In our project, we are only concerned with a subset of columns from the dataset, specifically those that are relevant to our goal of recommending restaurants in Montreal. Therefore, we extract the necessary features from the business_df table, including the id, name, stars, category. 
Similarly, we filter the reviews_df table to include only reviews for the selected restaurants by performing an inner join with business_df.

In [5]:
business_df = business_df.select("business_id","name", "stars", 
                                 "review_count", "address", "city", "state", "postal_code", "longitude", 
                                 "categories", "latitude").withColumnRenamed("stars", "stars_restaurant")
reviews_df = reviews_df.join(business_df, on='business_id', how='inner')

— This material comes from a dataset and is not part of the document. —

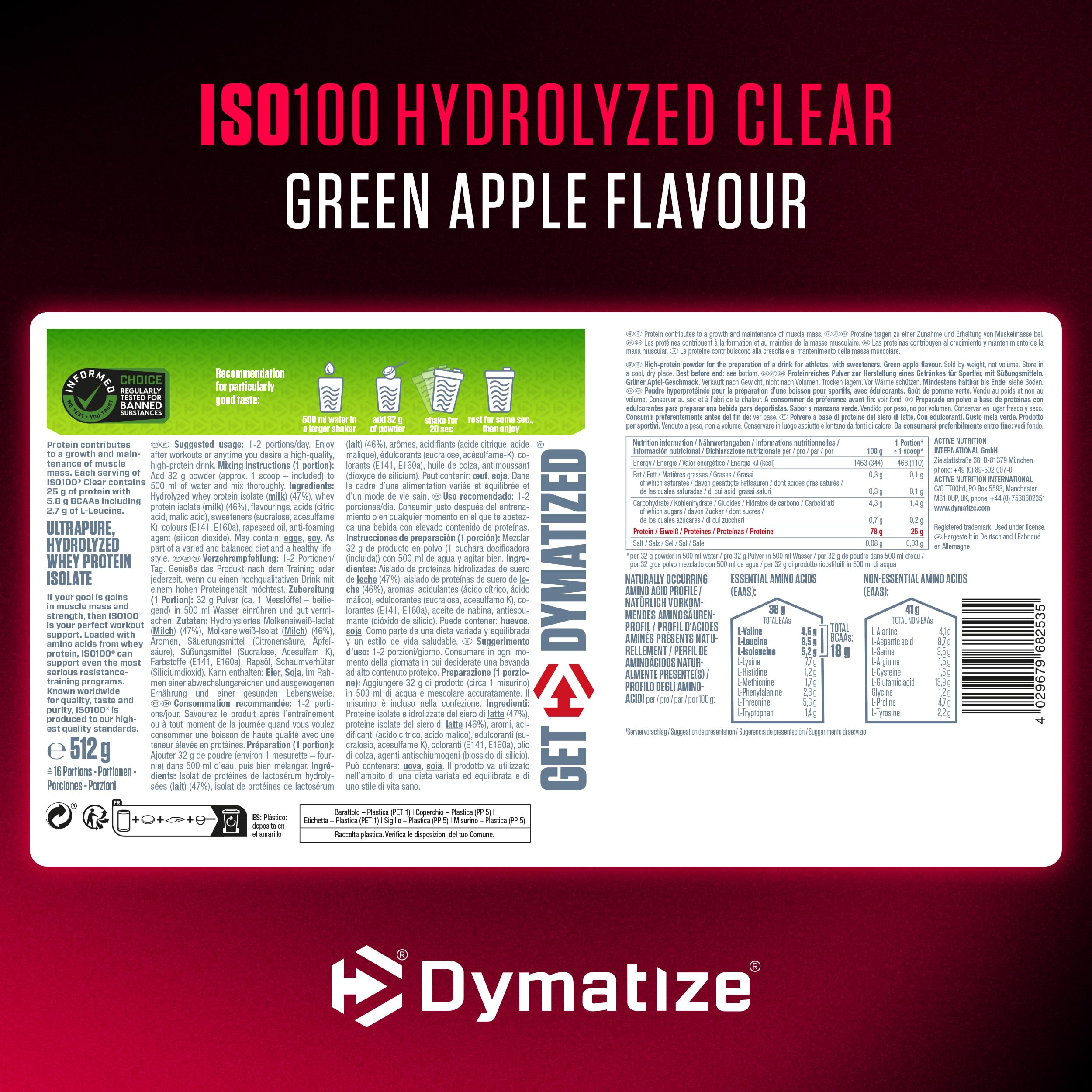 Dymatize ISO 100 Hydrolized Clear Green Apple 512g Hidrolizado de proteína de suero transparente + aislado en polvo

## Preparing Data for ALS: Convert String to index
Prior to initiating the modeling process, it is essential to transform all the relevant columns to integer type for compatibility with the ALS model from pyspark. The columns requiring conversion are the business_id and user_id. We accomplish this by leveraging the StringIndexer function, which we imported from pyspark.ml.feature.

In [6]:
indexer = [StringIndexer(inputCol=column, outputCol=column+"_index") for column in ['business_id', 'user_id']]
pipeline = Pipeline(stages=indexer)
transformed = pipeline.fit(reviews_df).transform(reviews_df)
transformed.select(['business_id', 'user_id','business_id_index', 'user_id_index','stars','categories'])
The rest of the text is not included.